Bluebox Security has reached out to the popular dating app after creating a duplicate app that enabled them to use Tinder Plus features, like unlimited “swipes” and its “undo” button for free.
To do so, Bluebox’s researchers intercepted the traffic between the app and Tinder’s server, in order to find activity and messages that identified a user was paying for the premium features.
According to the startup, the process was made easier because some of the premium services were operated from within the application, as opposed to being handled on the server side.
This ultimately makes it easier for hackers to make the necessary changes, by easily switching out certain areas in the app’s coding.
In a statement, Bluebox said: “When the “Plus” subscription became available, Tinder quickly jumped hundreds of spots to rank near the top for overall app revenue rankings.
“Bluebox determined that some of the “Plus” features are managed and controlled, unprotected, in the mobile app code, leaving them exposed to hackers.
“Altering the app code granted at least half of the premium features to the user, but did not grant the account full “Plus” status.”
However, Tinder were quick to dismiss this information as insignificant, with spokesperson Rosette Pambakian saying: “Bluebox’s findings have an inconsequential to zero impact on Tinder and its revenue because virtually no one has the capability to do this.”
Tinder currently charges users between $9.99 to $19.99 a month to use Tinder Plus.
While there is a minimal chance of Tinder users having the skills required to make such modifications, there is a risk that a professional hacker could create such an app and sell it on “unsanctioned” app stores, Bluebox said.
The company also found similar problems with US streaming service Hulu, after finding that it could recreate the application to eliminate ads – a feature which normally costs users $11.99.

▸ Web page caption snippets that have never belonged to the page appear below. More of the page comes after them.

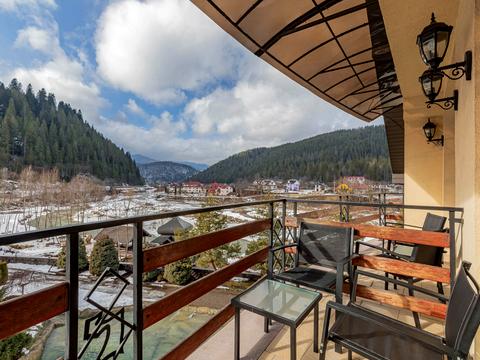 комерційна за адресою с. Микуличин, Грушевського вул., 2А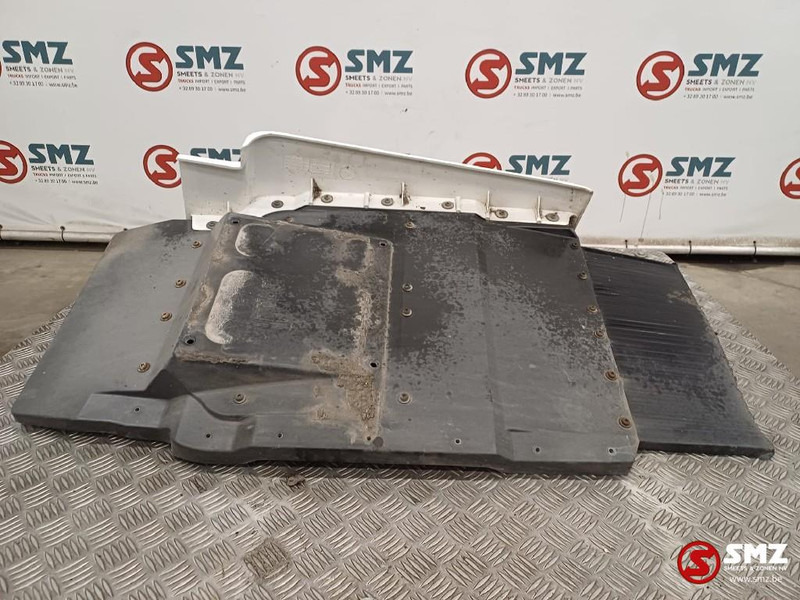 MAN Occ spatbord vooraan rechts MAN - Carrosserie et extérieur pour Camion: photos 3 MAN Occ spatbord vooraan rechts MAN - Carrosserie et extérieur pour Camion: photos 3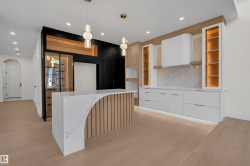 4919 17 Avenue SW  Edmonton, AB T6X 1A4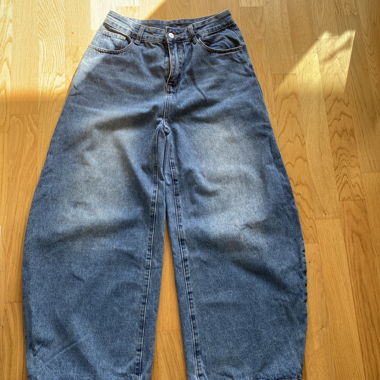 Jeans larghi in denim blu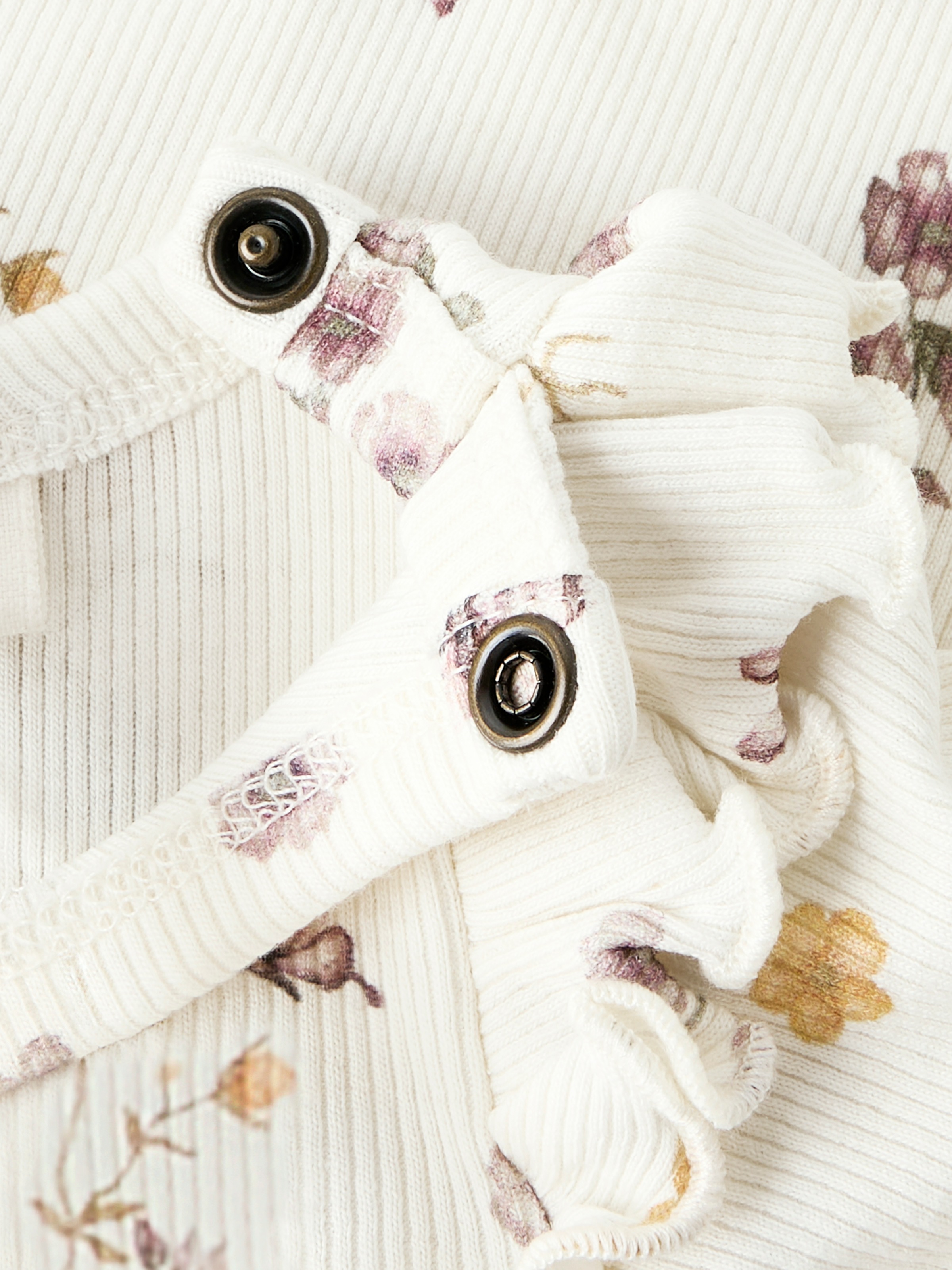 Lil' Atelier Langarmbody »NBFGAVO EKO LS SLIM BODY LIL NOOS« mit Rüschen, weiche Jerseyqualität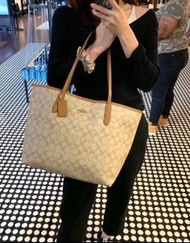 COACH 卷草紋托特包正品帶吊牌
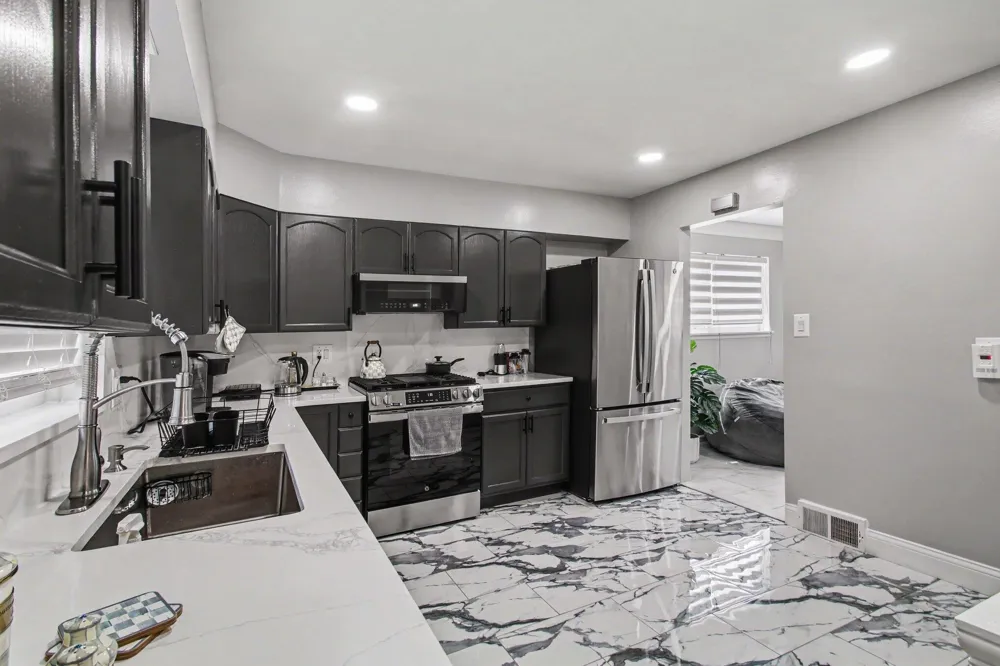 8544 Kinloch Street Dearborn Heights, MI 48127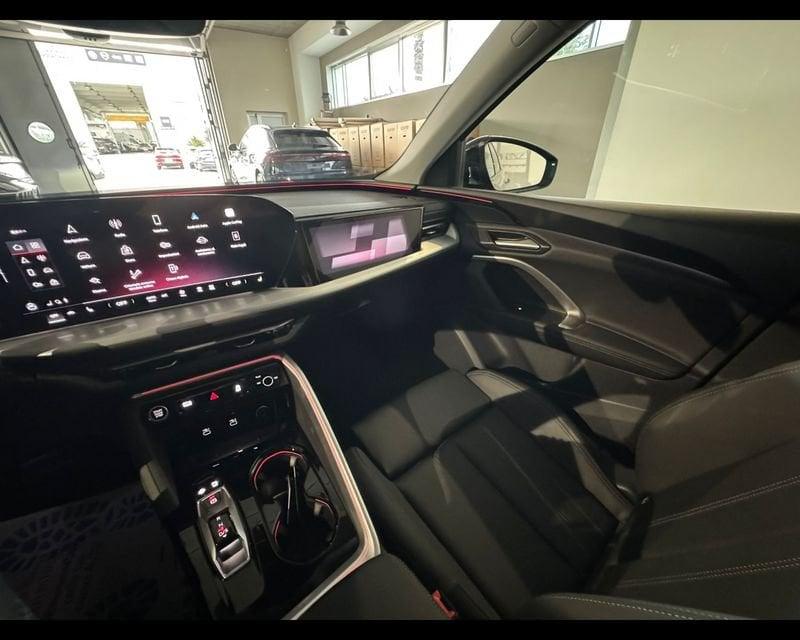 Audi Q5 3ª serie TDI 150 kW mHEV+ S tronic quattro S line edition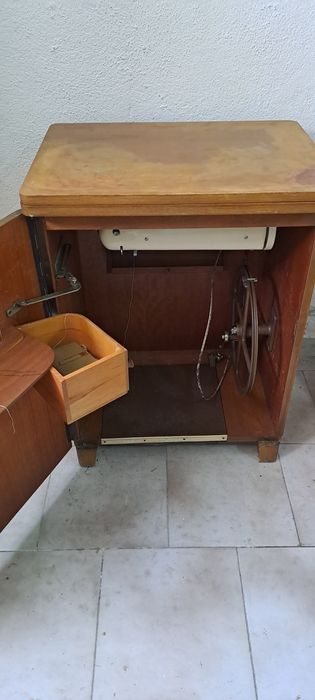 Móvel máquina de costura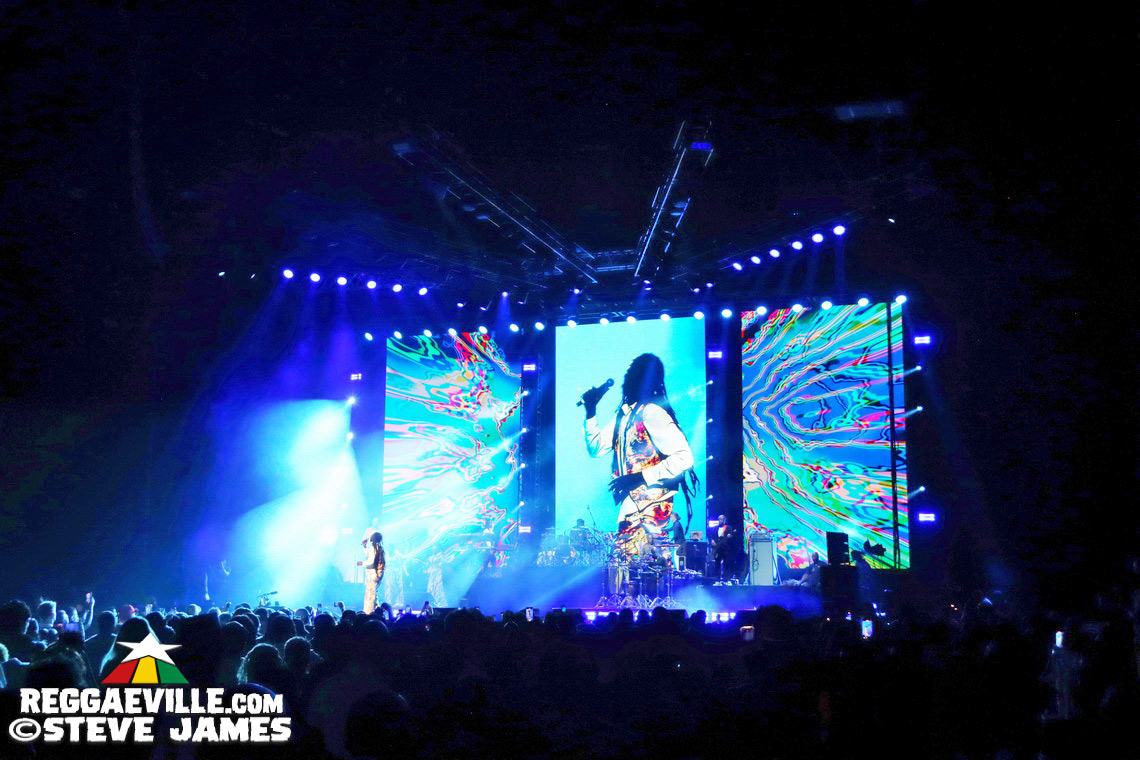 Buju Banton with DJ Khaled, Wayne Wonder & Gramps Morgan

Since publicising its findings, Bluebox has offered companies some advice about how to ensure that their products are secure.
It said: “Enterprises should not rely on the device manufacturers, the app stores, or even app developers to ensure mobile apps are secure.
“In order to protect corporate revenue and brand, enterprises must create mobile apps that can defend themselves.
“Bluebox routinely examines the state of security for popular mobile apps, and the results consistently show that mobile app security is almost non-existent.
“Mobile apps that contain even basic security measures, such as anti-tampering controls and encryption of app data, are few and far between.”